*** Provided data

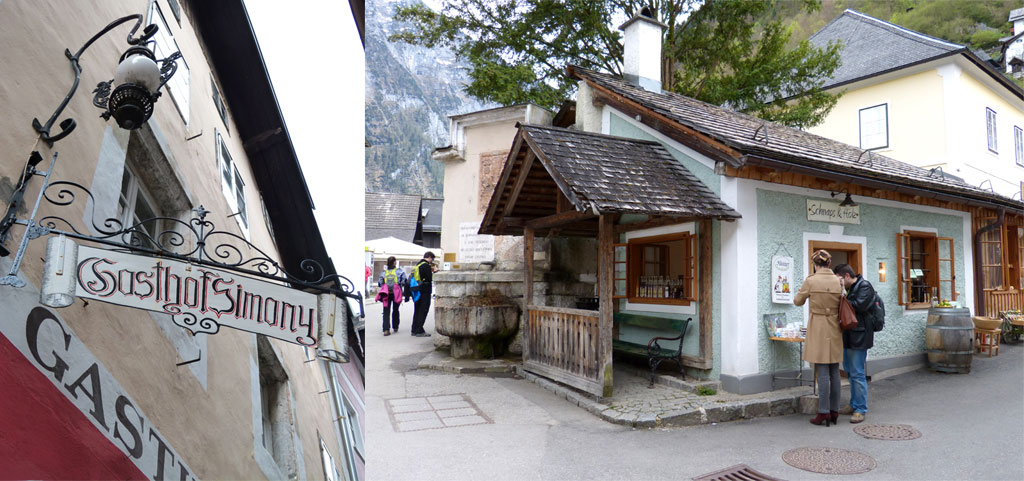 schild schnaps hallstatt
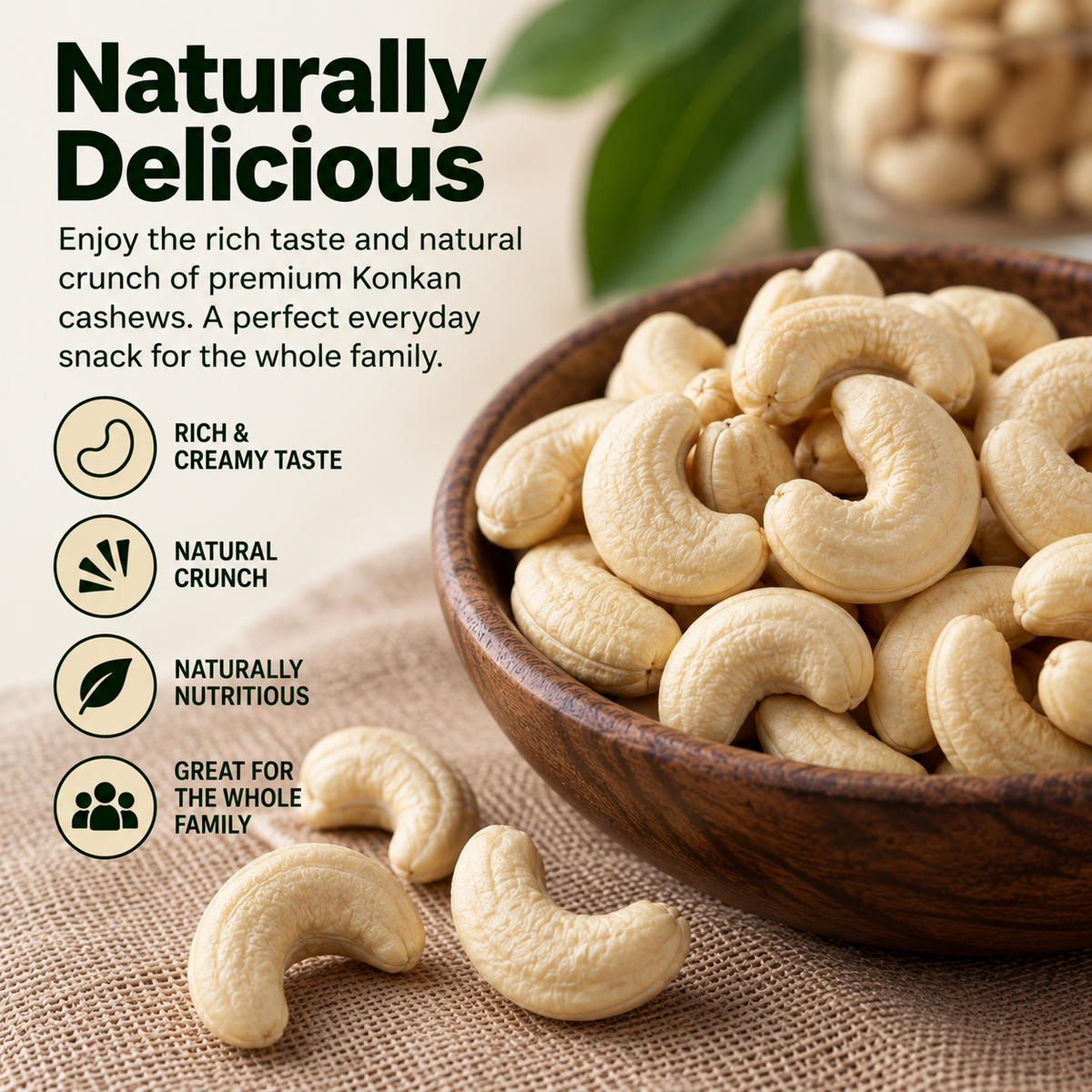 Konkan Cashew W180 – product information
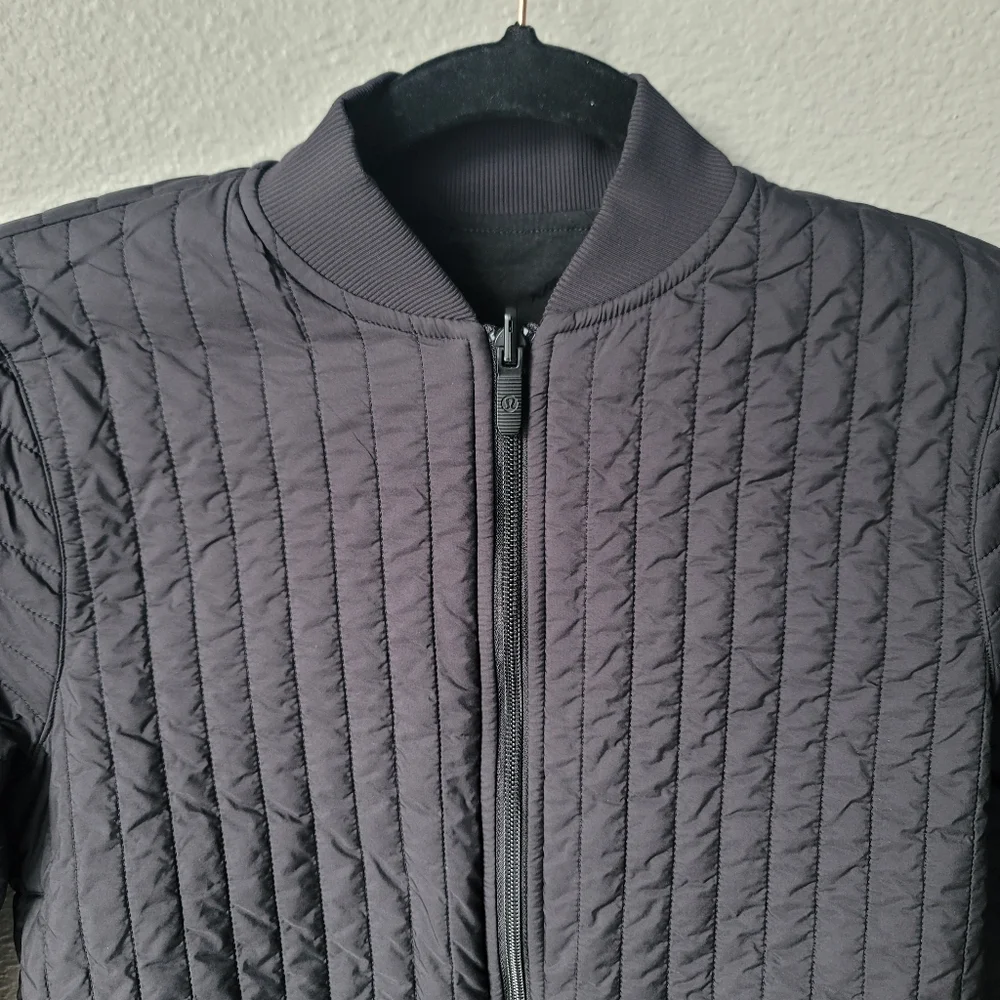 Lululemon Reversible Non-Stop Bomber Jacket LW4CBYS Size 2 In Black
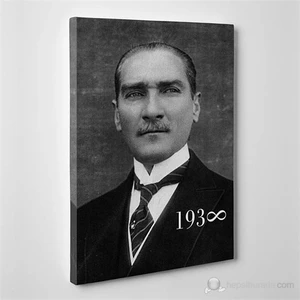 - Mustafa Kemal Atatürk 1938 Canvas Tablo - 75X50cm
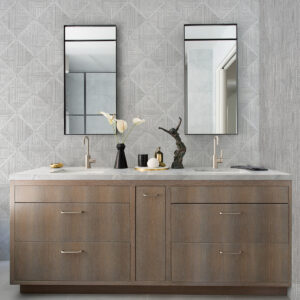 Cade Grey Geometric Wallpaper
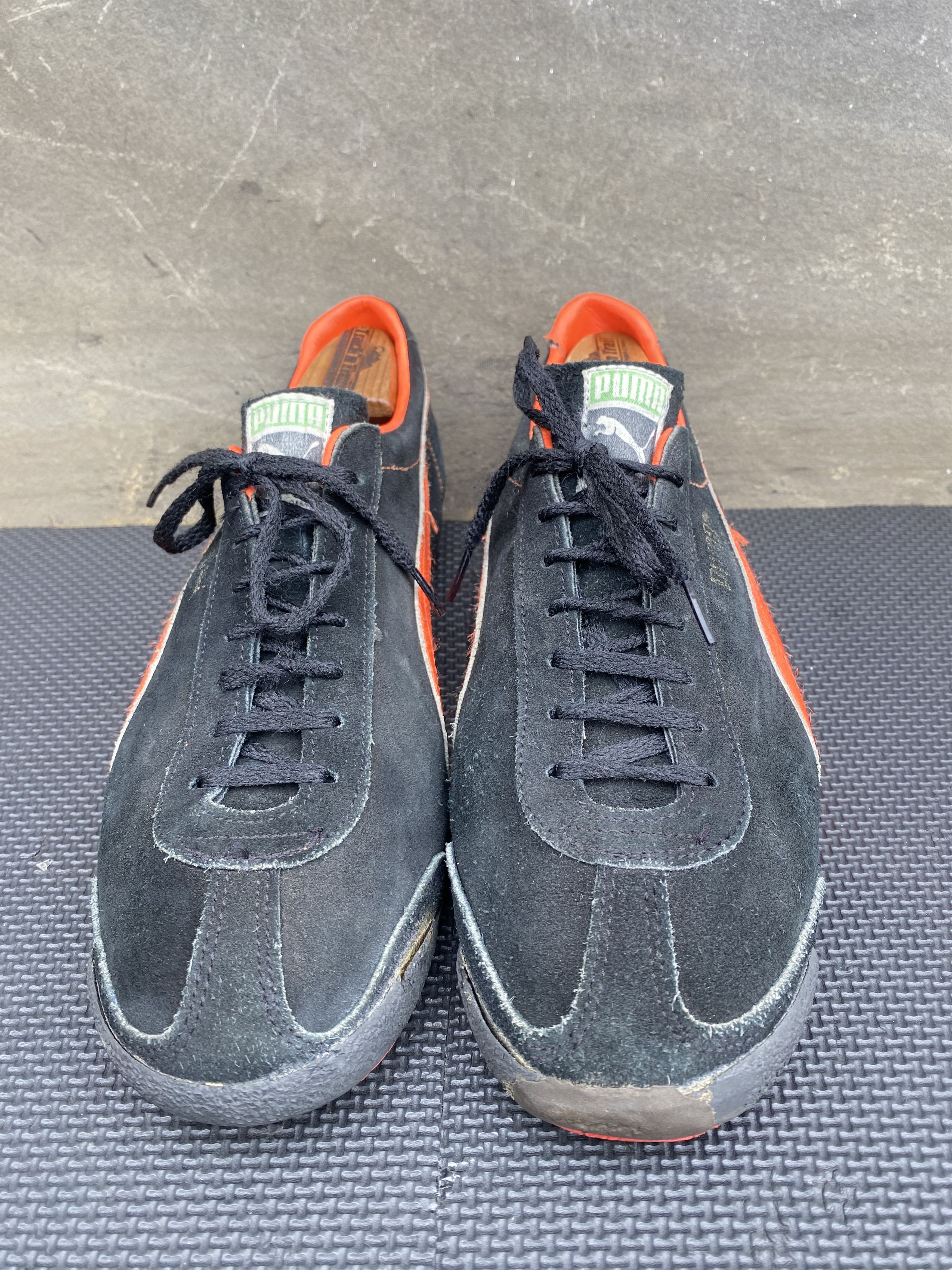 Puma × Vintage Puma RareTempo Suede BlackTrainers West Germany Vintage Size US 10 / EU 43 - 7 Thumbnail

******

§ Problem:
Reproduce the data verbatim and omit each image.

§ Expected output:
 schild schnaps hallstatt
 Konkan Cashew W180 – product information
 Lululemon Reversible Non-Stop Bomber Jacket LW4CBYS Size 2 In Black
 - Mustafa Kemal Atatürk 1938 Canvas Tablo - 75X50cm
 Cade Grey Geometric Wallpaper
 Puma × Vintage Puma RareTempo Suede BlackTrainers West Germany Vintage Size US 10 / EU 43 - 7 Thumbnail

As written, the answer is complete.